Rabu, 25 Januari 2012

Menyapa Dua Mata Cinta


Ayah dan ibu adalah dua mata cinta yang terlalu bening. Mereka menghimpun kebaikannya dalam diam. Mempermudah kata agar kita segera memahami maksud. Dalam banyak waktu, mereka menyembunyikan keletihannya agar kita bisa tertawa bersama. Berbagi kehangatan dalam cinta.

Tapi entah mengapa? diri ini kerap alpa terhadap prilaku-prilaku sunyi itu. Kita lupa bahwa dalam keterjagaannya, malam-malam mereka menjadi begitu panjang. Karena dengan suara parau dan linangan air mata, ada bait-bait doa yang ia lantunkan untuk kita. Anak-anaknya. Dan dalam diamnya, kita juga jarang menduga bahwa di sana, pada hati yang sebening embun itu, mungkin saja ada cinta yang tak tersapa.

Mereka memang tak pernah menuntut balas. Setiap letih yang mereka lakukan untuk kita adalah murni tentang ketulusan. Mereka mendefinisikan hidupnya dengan apa adanya. Menafsirkan cintanya dengan kerja-kerja nyata. Yang mereka punya sebenarnya juga tak banyak. Tapi, yang mereka berikan untuk kita sesungguhnya sudah lebih dari cukup.

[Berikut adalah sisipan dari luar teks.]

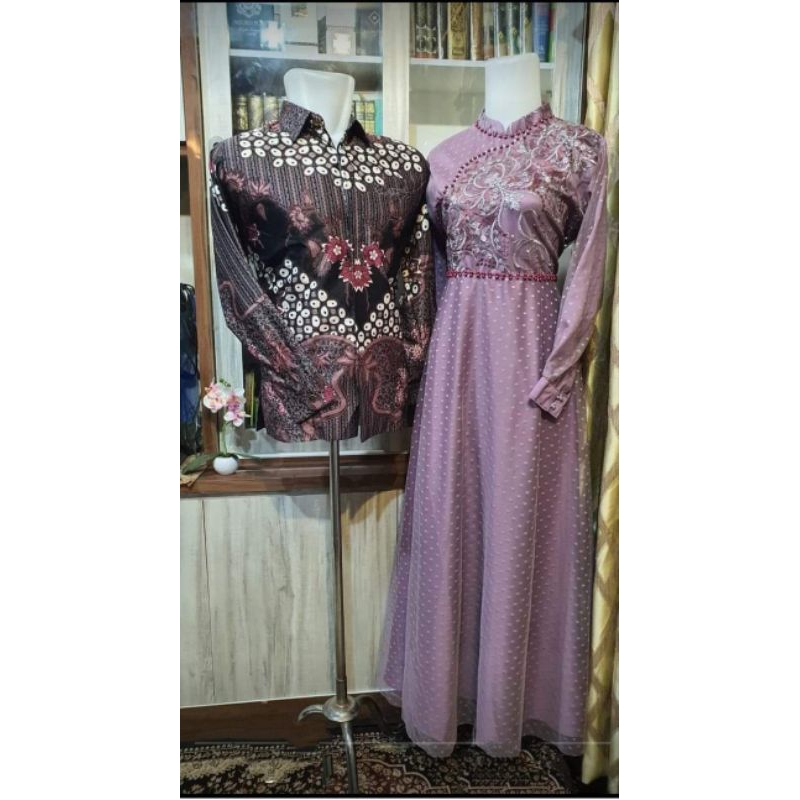 GAMIS BRUKAT PESTA LILAC/MARUN
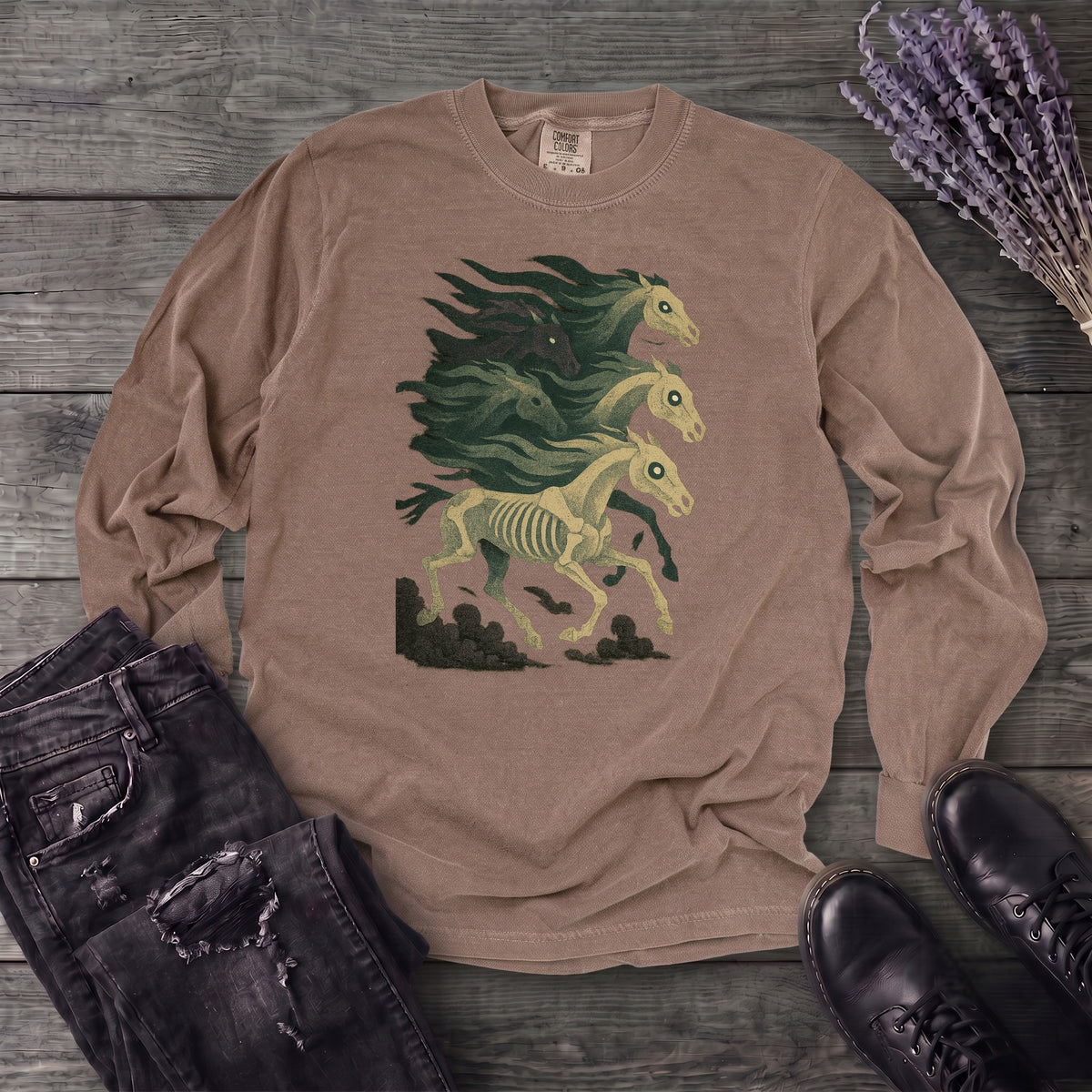 Stampeding Ghost Horses Long Sleeve T-Shirt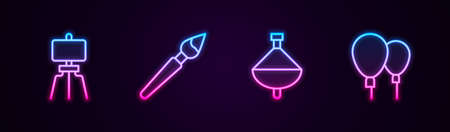 Set line Wood easel, Paint brush, Whirligig toy and Balloons. Glowing neon icon. Vectorのイラスト素材
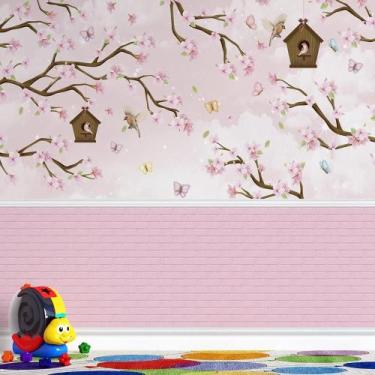 Imagem de Papel de Parede infantil flores e árvores borboletas encantadas - AloP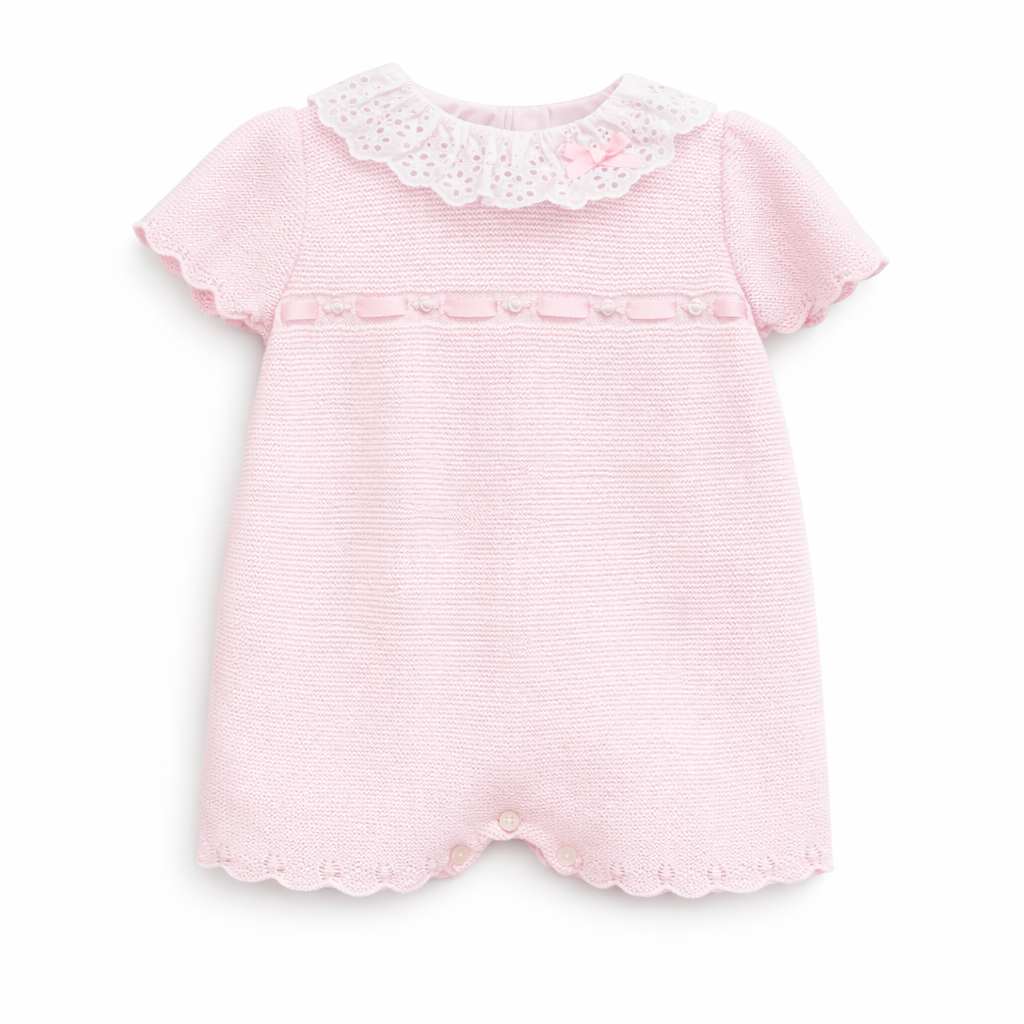 Pink Baby Girl Knit Romper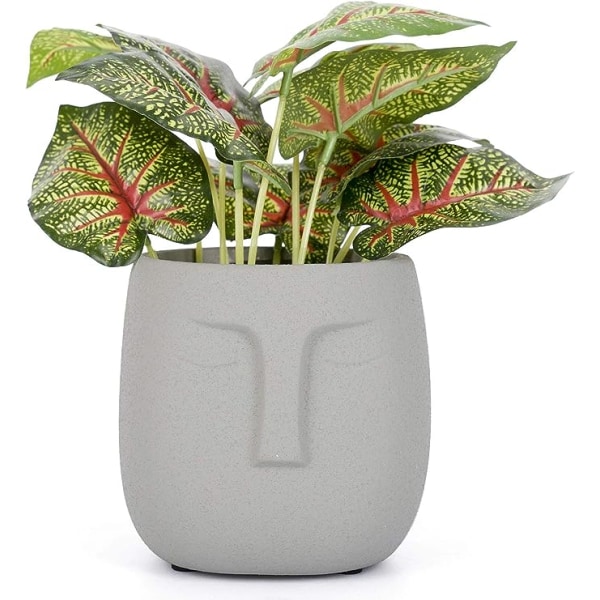 5,5 tommer grå keramisk hodeplantekrukke for planter, moderne innendørs utendørs vase, ansiktsstatue plantekrukke for hjemmedekorasjon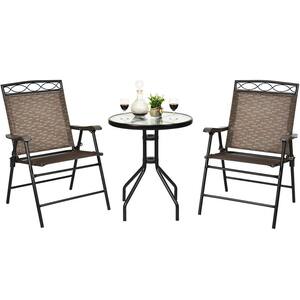 3-Pieces Steel Patio Dining Set with Folding Chairs and Table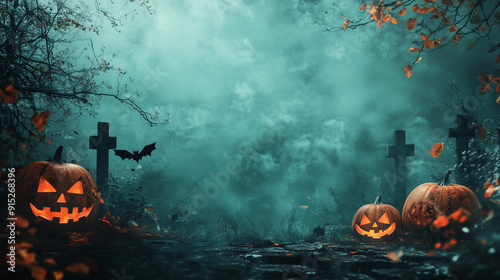Halloween theme background for presentation, with Halloween attributes on the left and right, the central part has a lot of free space, image is a photograph, ultrarealistic, cinmeatic, high quality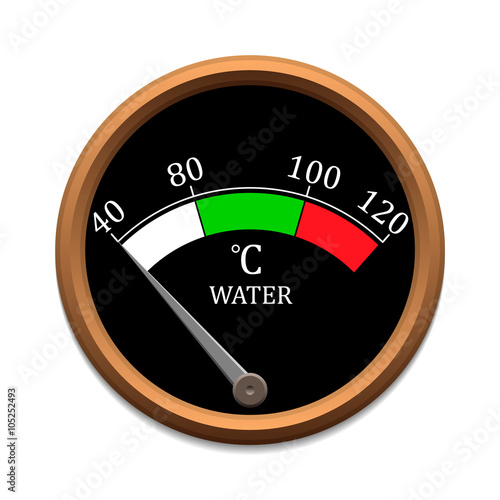 Water temperature scale with arrow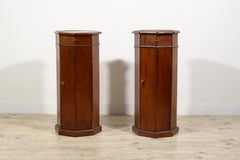 19th Century, Pair of Italian Walnut Wood Pedestal Cabinets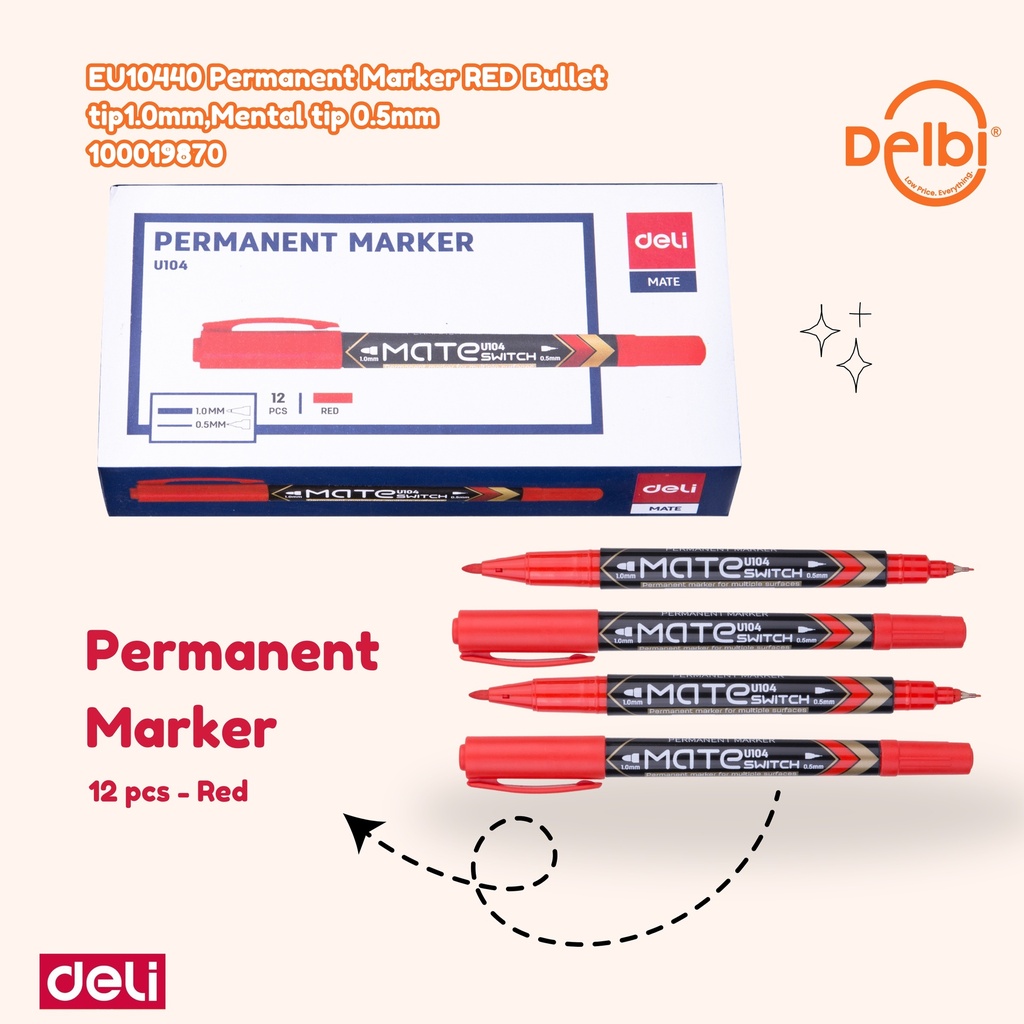 [100019870] DELI EU10440 Permanent Marker RED Bullet tip1.0mm,Mental tip 0.5mm SPIDOL BX2 BX12 BX144 BX1728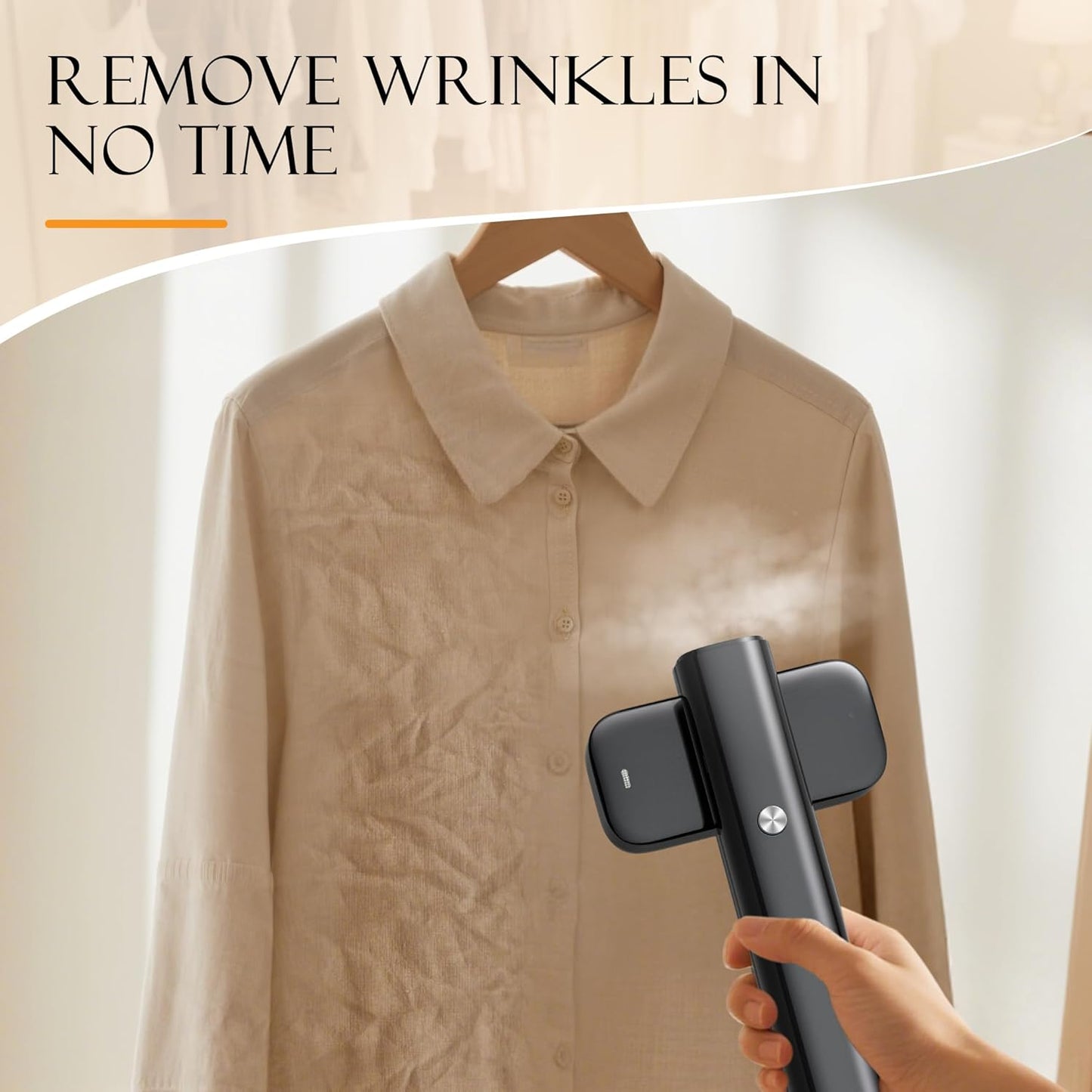 Steamer for Clothes, Portable Handheld Garment Steamer for Fabric Wrinkles Remover, 15s Fast Heat-up, 90ml Water Tank with Heat-Resistant Gloves, Convenient clothes steamer for Home, Office and Travel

Masih ingatkah, saat pertama kali kita pintar mengeja kata. Terbata-bata membaca huruf hijaiyah. Menyaksikan semua itu, wajah ayah dan ibu secerah purnama. Karena bagi mereka, setiap kemajuan diri kita adalah penawar dari segala letih yang tak terbayar itu. Semua harapan itu tersirat dari raut muka, tutur kata dan tentu saja dalam bait-bait doa yang tak pernah kita kenal.

Terhadap harapan-harapan sunyi itu, mereka memang tak memintanya secara nyata. Tapi, kita harus merencanakannya. Karena jangan sampai, karena ketidakmampuan diri ini mencerna isyarat batin mereka dengan baik. Memahami keinginannya yang sederhana. Dua mata cinta yang sebening embun itu, menjadi cinta yang tak tersapa.

Terhadap dua mata cinta itu, sudahkah kita menyapanya?